Patrick Follonier, Pierre Nicolau et Julien Décombaz.  | K. Di Matteo

Services de secours
Policiers, ambulanciers et pompiers n’ont pas été épargnés en ces temps de canicule, avec, notamment, trois fois plus d’incendies de forêt. La prévention reste le maître-mot.

Les chiffres de l’Établissement cantonal d’assurance au sujet des feux de forêt dans la région du Chablais vaudois sont sans appel. Les 7 interventions des pompiers du 1er janvier au 10 septembre 2025 ont bondi à 23 pour la même période de 2026. Tous types d’incidents confondus, Pierre Nicolau, responsable opérationnel du Service de défense incendie et de secours du Chablais, parle «d’environ 30% de hausse». «Habituellement, il y a des périodes creuses, mais pas cette année, c’est difficile à expliquer.» De là à faire le lien avec l’inhabituelle période de sécheresse, il n’y a qu’un pas. 

Policiers et ambulanciers constatent une tendance analogue, sans pouvoir la chiffrer précisément.

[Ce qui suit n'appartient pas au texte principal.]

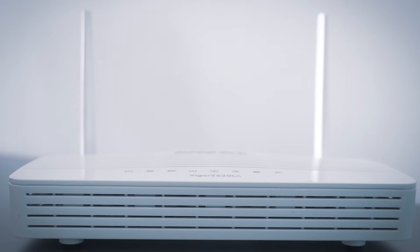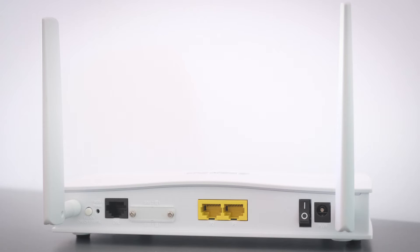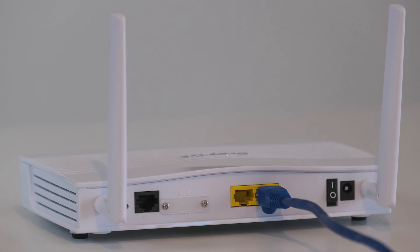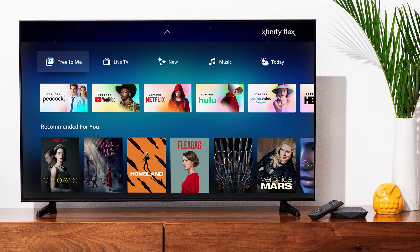If that doesn't work, find your router that is giving you Wi-Fi and unplug the power to that for 60 seconds, then plug it back in. If that fixes it, great. If not, let's move on to the next method.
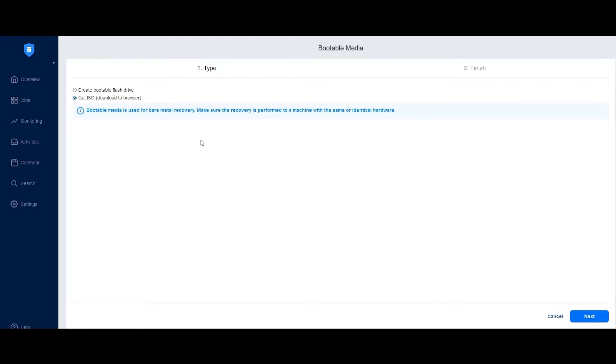Once downloaded, burn the ISO file onto a DVD, CD-ROM or a USB drive and use it to boot the machine you wish to recover.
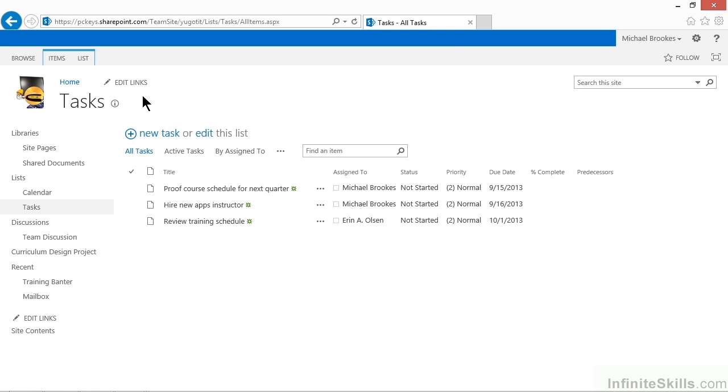So, in SharePoint 2013 lists, you have the option to utilize something known as Quick Edit View. This feature is possible because of the Access integration, and it replaces the old datasheet view. Let's take a look and see how Quick Edit allows you to work quickly and easily with edits and modifications.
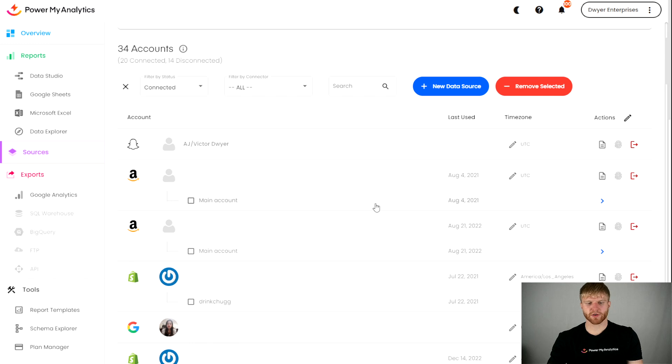Hey everyone, I'm Victor Dwyer and today I'm going to show you why you might be having issues backfilling your reports in Power My Analytics. Let's dive right into it.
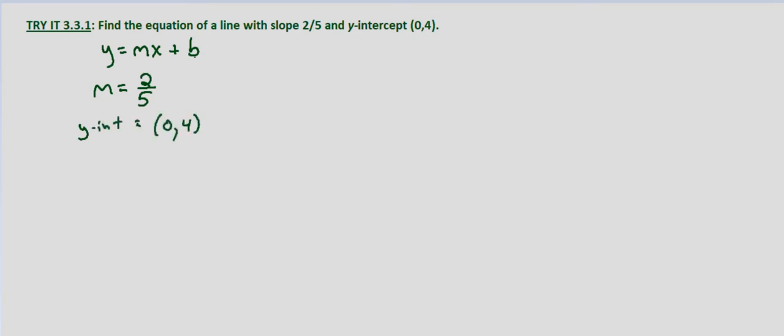And remember we have this as m in our equation and the slope is m and the y-intercept is b. So we just substitute this into our y equals mx plus b slope-intercept form.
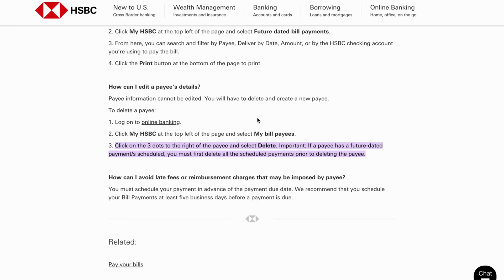Then after you have done so, click 'My HSBC' at the top left of the page and then select 'My Bill Payees'.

Des représentants des trois services de secours de la région (au total, quelque 300 pompiers volontaires, 58 policiers et 34 ambulanciers) ont pu échanger sur le sujet avec le public samedi à Aigle, lors de la Journée des partenaires feux bleus de la région.

Pour expliquer la hausse, Julien Décombaz, responsable opérationnel du Centre de secours et d’urgence du Chablais et des Alpes vaudoises, avance le nombre élevé de manifestations et un changement d’attitude depuis le Covid. «Non pour charger les organisateurs, mais les rassemblements fréquents et le tourisme génèrent d’autant plus d’activité. Et depuis la pandémie, les gens ont tendance à rester davantage dans la région.»

Le message passe

En termes d’information, «il n’y a jamais eu autant de messages délivrés que cette année», note pour sa part Patrick Follonier, responsable opération de la Police du Chablais vaudois (EPOC). Et à entendre Pierre Nicolau, le résultat est là: «On a l’impression que les gens sont beaucoup plus attentifs à ce que font les autres, et le nombre d’appels est en hausse sensible.» 

Du reste, parmi les conseils de base, les trois hommes placent le même en numéro un: appeler dès que possible les 144, 117 ou 118, peu importe. «Les gens hésitent trop souvent, constate Julien Décombaz. Ils croient parfois, à tort, que la facture de l’intervention va leur parvenir, ou se disent qu’un autre va appeler.» Pierre Nicolau insiste: «Je préfère que cinq personnes le fassent plutôt qu’une seule, d’autant que dans la panique, certains raccrochent sans donner des informations cruciales, l’adresse par exemple!»

Expérience pour la suite

De leur côté, les services de secours s’adaptent: effectifs affectés différemment, renforcement de la collaboration avec les secours des zones voisines, boissons fraîches en suffisance pour les secouristes, plus grand accent mis sur leur santé compte tenu de la pénibilité accrue, etc. 

Est-ce à dire qu’on s’attend à ce que ce genre d’été devienne la norme? Les trois Chablaisiens ne peuvent l’affirmer, mais convergent sur le fait que «l’expérience de ces derniers mois servira pour l’avenir».